Teknolojinin hüküm sürdüğü kişisel blog

Müzik dinleme alışkanlıklarımız ve gelecek

Son 3-4 aydır kendimde ve pek çok insanda şunu fark ettim artık kendi arşivimizden müzik dinlemiyoruz. Belki buna karşı çıkıp “hayır ben dinliyorum, nah bu da winamp’ımın ekran görüntüsü” diyebilirsiniz. Fakat düşüncem o ki yakın zamanda offline müzik dinleme alışkanlığımız marjinalleşecek. Kendimden yola çıkarsam, eğer “şunu bi dinliyeyim ne zamandır dinlemiyorum” demediysem, yani önde iş yapıp arkada shuffle ın belini kıracaksam kendi arşivime hiç bulaşmıyorum artık. Ya bir internet radyosu açıyorum, ya da aslında bu yazımın da ana konusu olan müzik dinleme servislerine başvuruyorum. Size geçmişten gelen müzik dinleme alışkanlığımızın nasıl değiştiğini ve değişeceğini anlatacağım. Böyle “anlatacağım” deyince de çok komik durdu. Neyse başlayalım.

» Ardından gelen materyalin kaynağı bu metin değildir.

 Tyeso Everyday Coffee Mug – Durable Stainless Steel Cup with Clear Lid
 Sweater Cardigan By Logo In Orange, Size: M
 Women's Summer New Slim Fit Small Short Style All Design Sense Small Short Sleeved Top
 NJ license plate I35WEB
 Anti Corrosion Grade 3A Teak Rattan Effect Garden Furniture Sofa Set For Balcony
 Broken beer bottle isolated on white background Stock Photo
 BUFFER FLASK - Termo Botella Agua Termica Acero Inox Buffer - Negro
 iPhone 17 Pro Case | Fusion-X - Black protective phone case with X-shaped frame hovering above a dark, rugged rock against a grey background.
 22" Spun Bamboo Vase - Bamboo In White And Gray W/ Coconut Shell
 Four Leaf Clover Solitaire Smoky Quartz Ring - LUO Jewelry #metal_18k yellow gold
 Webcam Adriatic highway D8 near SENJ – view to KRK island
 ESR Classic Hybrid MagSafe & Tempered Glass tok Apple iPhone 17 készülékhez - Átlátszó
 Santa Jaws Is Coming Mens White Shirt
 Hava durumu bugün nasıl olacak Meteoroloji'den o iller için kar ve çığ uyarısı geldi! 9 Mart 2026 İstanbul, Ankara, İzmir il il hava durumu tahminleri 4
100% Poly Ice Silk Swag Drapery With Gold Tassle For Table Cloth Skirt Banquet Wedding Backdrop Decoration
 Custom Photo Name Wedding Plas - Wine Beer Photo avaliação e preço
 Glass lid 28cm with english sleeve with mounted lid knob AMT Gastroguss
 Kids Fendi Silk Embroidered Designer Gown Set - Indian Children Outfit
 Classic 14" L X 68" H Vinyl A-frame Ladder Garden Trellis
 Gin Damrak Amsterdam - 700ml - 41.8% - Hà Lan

Sosyalleşen Dünya, Zamanın Ruhu ve Gelecek

5-6 sene önce çoğu insan için fütüristtik gelen şeyler bir bir gerçek oluyor bilmem farkında mısınız? Artık herkes bir şekilde hayatının bir bölümünü internette ve doğal olarak sosyal paylaşım sitelerinde geçiriyor. Tıp literatürüne bile çoktan girmiş olan sosyal ağlar, çoğu kişi için artık hayatın vazgeçilmezi. Ve hatta bazı insanlar için hayatta kalmak için kullanması gereken sarf malzemelerinden (hava su gibi) biri. Zamanın ruhundan bihaber ve biraz da yaşı geçkin insanlar “nerede o eski ilişkiler” muhabbetlerine dalmışken, biz her gün yeni bir teknoloji ya da yeni bir fikirle birbirimize daha bir bağlı yaşamaya başlıyoruz. Kimine göre bu, “ilişkilerin yozlaşması” şeklinde tercüme edilirken, kimine göre ise bu “bir çeşit evrimsel süreç”.